Not far from the temple there is the 65 ft (20 m) long Stone of the Pregnant Woman (or Stone of South), which weighs 1,000 tons, and another, recently discovered monolith with the weight of 1,242 t.
(via Caroline Granycome and Paranormal)
The Assyrian Jerwan Aqueduct, built between 703 and 688 BC. It used fully waterproof concrete, an incredible innovation that allowed people to build massive structures in water.
(via Rivers from Eden)
Walls from an ancient Inca city, precisely cut with stone, copper and bronze tools and perfectly fitted without mortar.
(via Håkan Svensson and Remon Rijper)
Rounded arches were invented by the Mesopotamians 4,000 years ago, but were popularized by ancient Romans, who relied heavily on the arch in a lot of their monumental architecture. The best-known examples are aqueducts like the 31 mi (50 km) long Pont du Gard in France, which carried water from a spring to Nemausus (now known as Nîmes), built between 40 and 60 AD. The load-bearing arch has been widely used and transformed into many different shapes throughout the past 2,000 years.
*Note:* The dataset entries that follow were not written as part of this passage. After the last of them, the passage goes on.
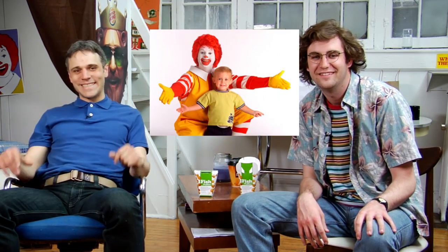I was Grimace for four Halloweens in a row. I took my senior picture with a McNugget. Like four Halloweens in a row. A guy dressed as Ronald McDonald touched me and I didn't say shit.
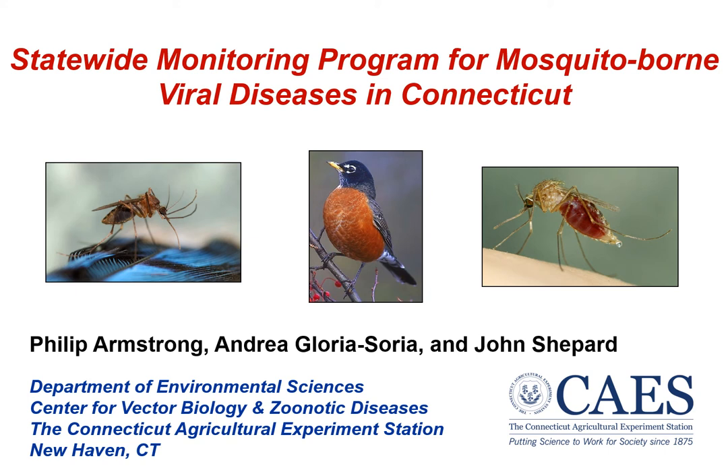Hello, my name is Phil Armstrong. I'm a research scientist here at the Connecticut Agricultural Experiment Station. I'm also the director of the Statewide Mosquito Surveillance Program, which is the subject for today's talk.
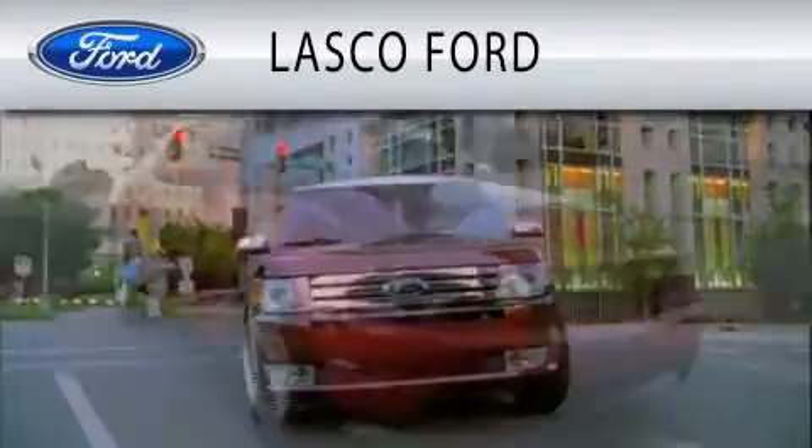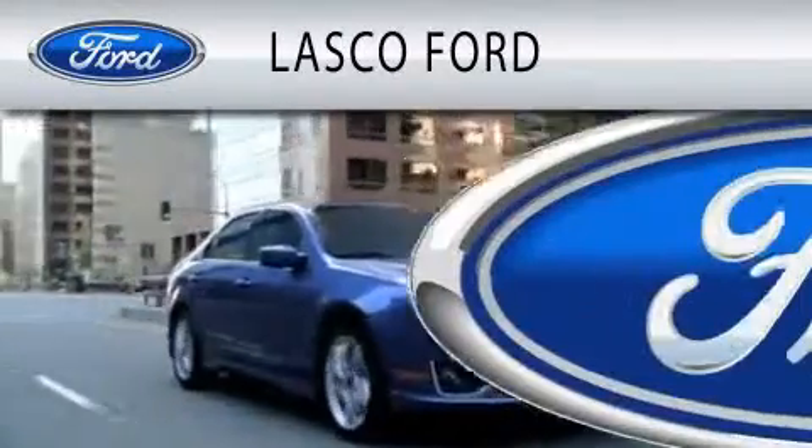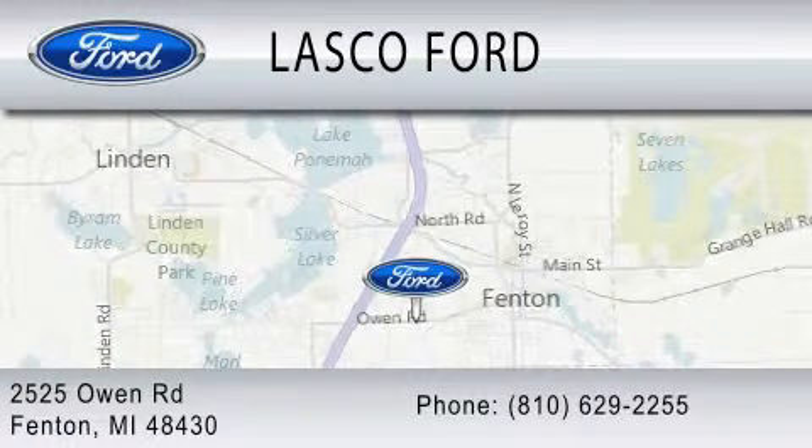Lasko Ford is dedicated to doing everything possible to ensure that the experience you have selecting your vehicle is as pleasant as possible. We're located at 2525 Owen Road in Fenton.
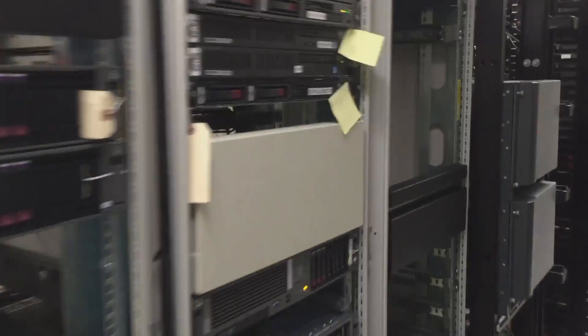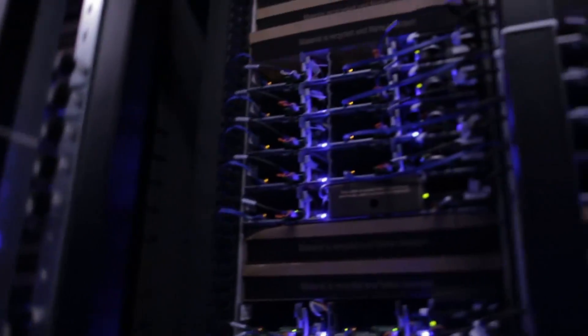It may be counterintuitive, but it's the hundreds of thousands of small, ordinary companies that account for half of the energy used by data centres. New servers are generating less heat and modern data centres are being cooled more efficiently, but the problem is that progress is being outpaced by the rapid growth of the industry.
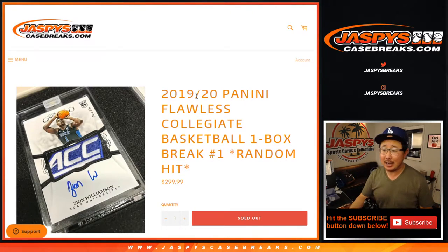Hi everyone, Joe for JaspesCaseBreaks.com. Happy Thursday. Coming at you with 2019-2020 Panini Flawless Collegiate Basketball. Some pretty good stuff here. One box, random hit break number one.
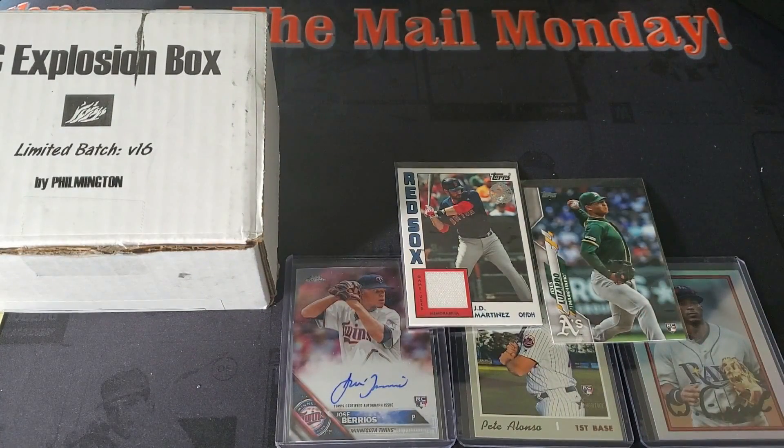That is it for Rookie Card Explosion Box volume 16. Guys, I bought a bunch of Donruss — saw it at Target today and really wanted to open up the packs to check out the parallels: the exclusive parallels in the blaster, the monster box, the fat pack, and the hanger packs. I got one of each and we're going to do that tomorrow — I'll have that video up Wednesday.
(via Stefan Kraft and Arjan Almekinders)
Glass windows, first used by the Ancient Romans in Alexandria around 100 AD.
(via Wikimedia Commons)
Concrete domes, invented by the Ancient Romans, first used in the Temple of Mercury (built during the age of Augustus, between 27 BC and 14 AD). The most well-known example is the Pantheon's dome, the world's largest unreinforced concrete dome since its completion in 126 AD.
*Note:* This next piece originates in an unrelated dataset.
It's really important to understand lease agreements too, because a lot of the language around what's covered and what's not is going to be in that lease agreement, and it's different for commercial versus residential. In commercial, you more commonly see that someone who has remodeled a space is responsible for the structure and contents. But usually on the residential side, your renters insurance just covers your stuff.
(via Bengt Nyman and Erik Hagreis)
Ditherington Flax Mill, the first iron-framed building in the world, "the grandfather of skyscrapers", constructed by Charles Bage, completed in 1797, Shrewsbury, England.
(via Flaxmill Maltings and Keith Havercroft)
The first wire-cable suspension bridge, the 407 ft (124 m) long Spider Bridge at Falls of Schuylkill in Philadelphia, Pennsylvania, constructed by Erskine Hazard & Josiah White, opened in 1816.
It was only a temporary structure, stood only for a year after its completion.
(via Wikimedia Commons)
The first major glass building in the world, the Great Conservatory in Chatsworth, England, designed by Joseph Paxton, constructed between 1836 and 1840. It was 227 ft (69.2 m) long, 123 ft (37.5 m) wide and 67 ft (20.4 m) high. The glass house wash't heated during WWI, and the plants died. The place was demolished in the early 1920s.
(via VictorianWeb)
The first iron-reinforced concrete structure, a four-story house in the northern suburbs of Paris, France, designed by Theodore Lachez, built by François Coignet
(via Wikimedia Commons)
The world's first iron-framed, glass curtain-walled building, the Oriel Chambers in Liverpool, England, designed by Peter Ellis in 1864
(via The Anonymus Widower)
The 138 ft (42 m) high Home Insurance Building in Chicago, the first skyscraper and the first to use structural steel in its frame, designed by William Le Baron Jenney, completed in 1884.
Two floors were added to the original ten in 1891. The building was demolished forty years later to make way for the Field Building, now known as the LaSalle Bank Building.
(via The Library of Congress)
The world's first reinforced concrete skyscraper, the 15-story Ingalls Building in Cincinnati, Ohio, designed by Elzner & Anderson and built in 1903.
(via Cincinnati)
Floating slab, used in Villa Savoye by Le Corbusier, stands in the outskirts of Paris, France, built in 1931.
(via Valueyou)
The first building heated primarily by solar energy: the MIT Solar House #1, built in 1939 on the MIT campus, designed by a team led by Hoyt C. Hottel. The first commercial building with the system was the Solar Building in Albuquerque, New Mexico, built in 1956, designed by Frank Bridgers and Donald Paxton.
(via MIT and Earth Alert)
The first 3D-printed structure using standard 3D printers: the Echoviren, a 10 x 10 x 8 ft (3 x 3 x 2.4 m) pavilion, assembled in a redwood forest in Mendocino County, California in August 2013
The structure consists of 585 components printed in 10,800 hours.